Sampling Distributions for the Probability of Rolling a 4 on a 6-Sided Die in R
Download file for R Shiny application here:
uncertainty_dice_roll.R
Note: An Excel-based version of this workshop is available here: Task 1 - Sampling distributions for the probability of rolling a 4 on a 6-sided die
Objectives
The objective of this workshop is to explore the relationship between the size of a random sample and the uncertainty in estimates of probability made from that sample.

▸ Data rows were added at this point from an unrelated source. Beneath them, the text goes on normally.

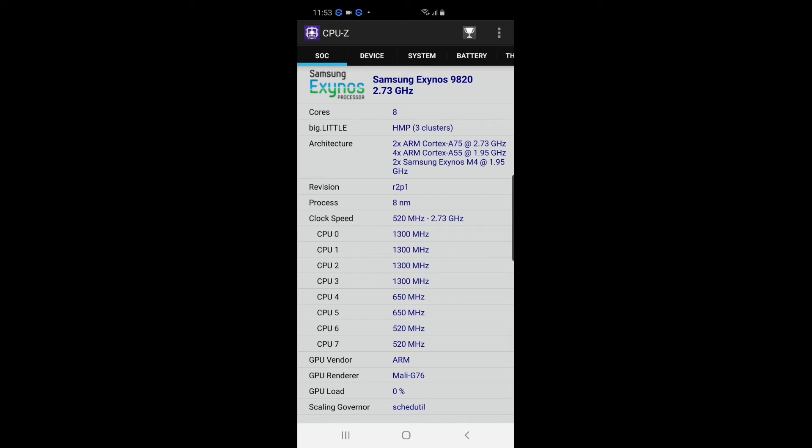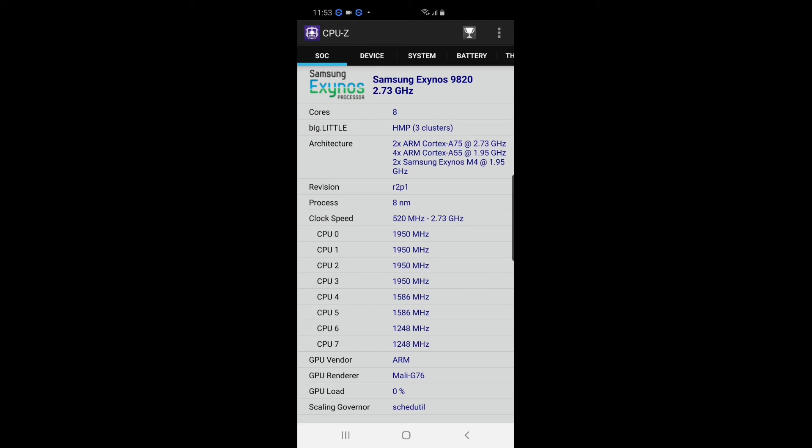Because I'm living here in Singapore. Probably most people who have their phones in the US will get the Snapdragon chip. You will see the cores, architecture, process, clock speed, CPU render, and scaling governor.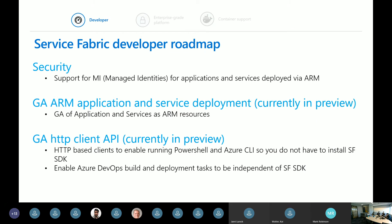Our ARM application and service deployment has been in preview for about a year. We use it heavily internally and we're finally going to GA that. We've also produced a preview of an HTTP client class for PowerShell and Azure CLI. In scenarios where you don't have the SDK installed, you can use this PowerShell client without any dependencies on the SDK — very useful in locked-down DevOps deployment scenarios.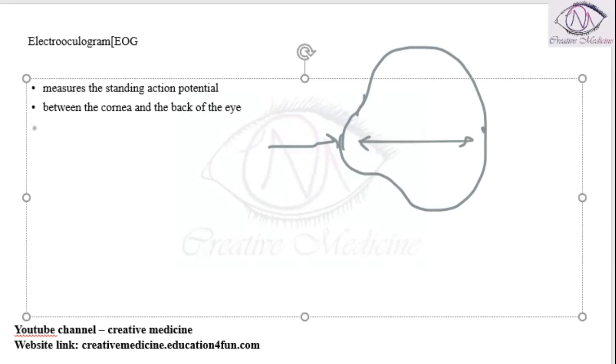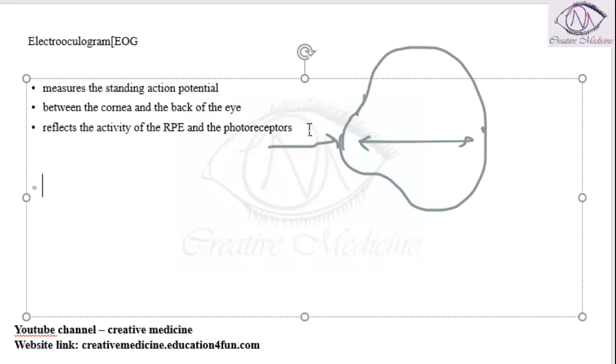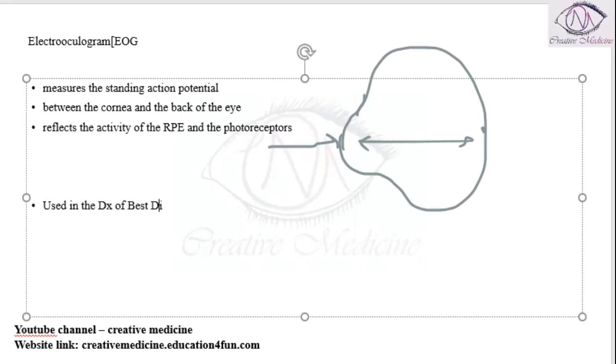So this will reflect the activity of the photoreceptors and the retinal pigment epithelium. It is actually used in the diagnosis of best disease.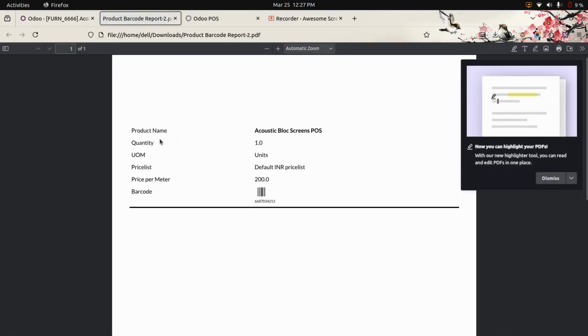This is the barcode format where we can see the product name, quantity, unit of measure, price list, price per meter, and the barcode.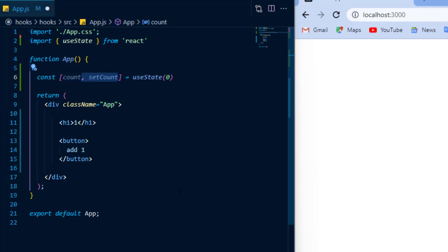The reason why it is destructured as an array is so that we can name the state and setState to whatever we want. In this example, I'm going to create a counter, so it's more reasonable to call it count and setCount.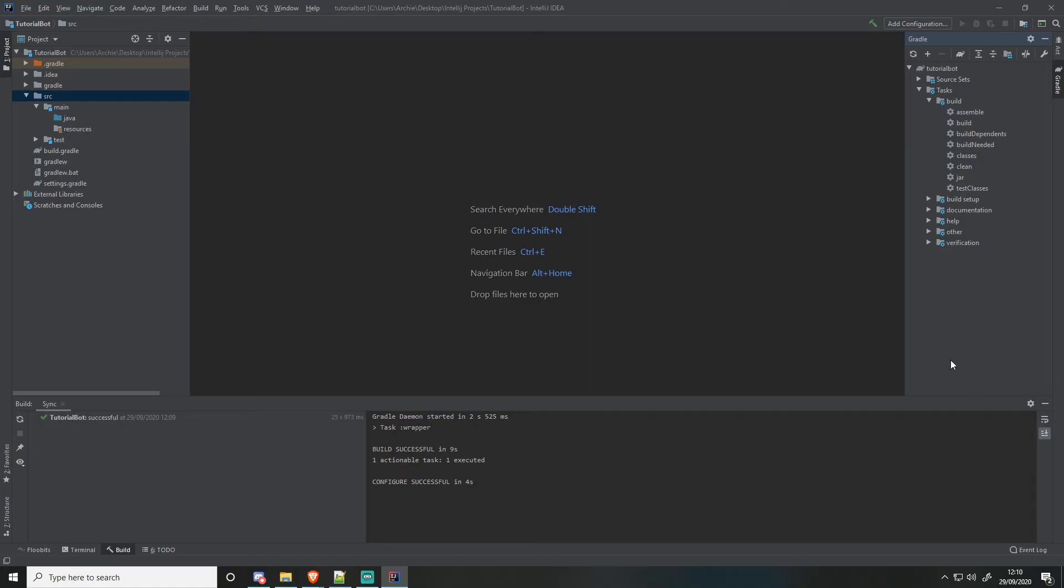So I use a thing called shadow jar, which just because you're going to add dependencies, you'll need the jar that you export to have all the dependencies in. Otherwise, it's not going to understand at all. And when you try to run the executable in like Windows or Java or Linux or Mac, it's not going to understand. It's going to throw an error.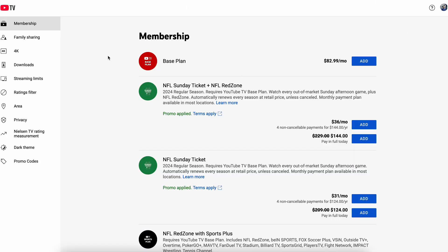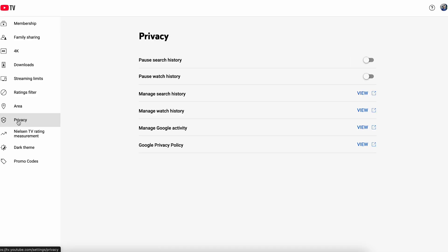In Settings, on the left side, you can go to Privacy. In Privacy, you can go to Manage Search History, and if you want to delete watch history, you can go to Manage Watch History and click on this view icon.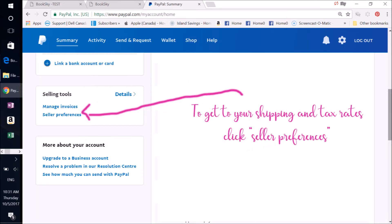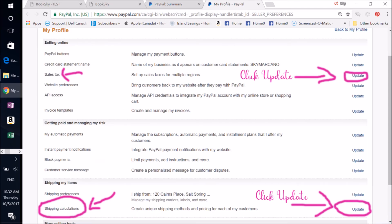So if you want to manipulate and change your shipping or tax rates, go back, log in, and go back to that main page there and click Seller Preferences again. That will bring you to a page with more information. Then you can go down and click Sales Tax to change all your tax rates. And you can, on the left, click Shipping Calculations and change that.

In this first task, we'll look at the uncertainty in estimating the likelihood of each side of a 6-sided die resulting from a roll, as captured in confidence intervals. We'll explore an existing spreadsheet that generates random samples of die rolls (of fair dice!!) for various sample sizes, estimates probability of a roll showing each side, and compares to the known probability of 1/6.
Consider why I say that probability is known in these experiments!

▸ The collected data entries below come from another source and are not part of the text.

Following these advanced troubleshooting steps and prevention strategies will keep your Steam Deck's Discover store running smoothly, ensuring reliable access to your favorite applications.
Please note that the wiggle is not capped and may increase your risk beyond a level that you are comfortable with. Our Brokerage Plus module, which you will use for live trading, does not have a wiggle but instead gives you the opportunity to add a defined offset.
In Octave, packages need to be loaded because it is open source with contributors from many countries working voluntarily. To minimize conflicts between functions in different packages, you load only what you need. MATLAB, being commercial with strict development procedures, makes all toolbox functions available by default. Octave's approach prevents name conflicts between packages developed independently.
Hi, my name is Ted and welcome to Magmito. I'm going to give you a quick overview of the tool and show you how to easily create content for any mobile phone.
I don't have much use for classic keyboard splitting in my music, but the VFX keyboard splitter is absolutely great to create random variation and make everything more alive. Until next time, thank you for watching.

Step 1: Launch Application
In this section, we'll look at uncertainty in the sample estimates of the probability of rolling a 4 on a standard six-sided dice. We'll be rolling the die an N number of times and estimating the uncertainty from an n number of experiments.
- Launch R Studio and open the provided .R file
- Along the top bar, press the green play button to run the R Shiny app. You may need to install packages if they are not already installed.

- There are three tabs you will navigate between in this workshop: Single, Multiple, and Multiple Comparison

- General tips
- Feel free to resize the window as needed to see all the content
- The input bar (on the left) can be expanded and hidden by clicking the > and < symbol at the top
- Plots can be expanded to full-size by clicking the arrows icon in the bottom-right corner of each plot
- This workshop use a random number generator, which means each time you click "Roll", a new random sample will be drawn
Step 2: Single Experiment
Navigate to the Single tab.
This should look similar to the dice experiment on Monday morning, with information about confidence intervals added. The Single Experiment tab allows you to enter a number of rolls and view the roll outcomes, including the estimated probability (relative frequency) of each outcome (1 through 6), calculated as # outcomes / # rolls.
12 rolls. Enter a number of rolls, N, of 12 and click "Roll". The plot accessible in the top-right panel (Summary of All Rolls) shows the outcomes of each roll as well as the 90% confidence interval. These confidence intervals are calculated based on the Normal Distribution. For the Normal Distribution to be an adequate representation of the uncertainty, N*p > 5 must be true, where N = sample size and p = probability of success (probability of rolling a 4). The equations for calculating the confidence intervals are shown in the bottom-right panel.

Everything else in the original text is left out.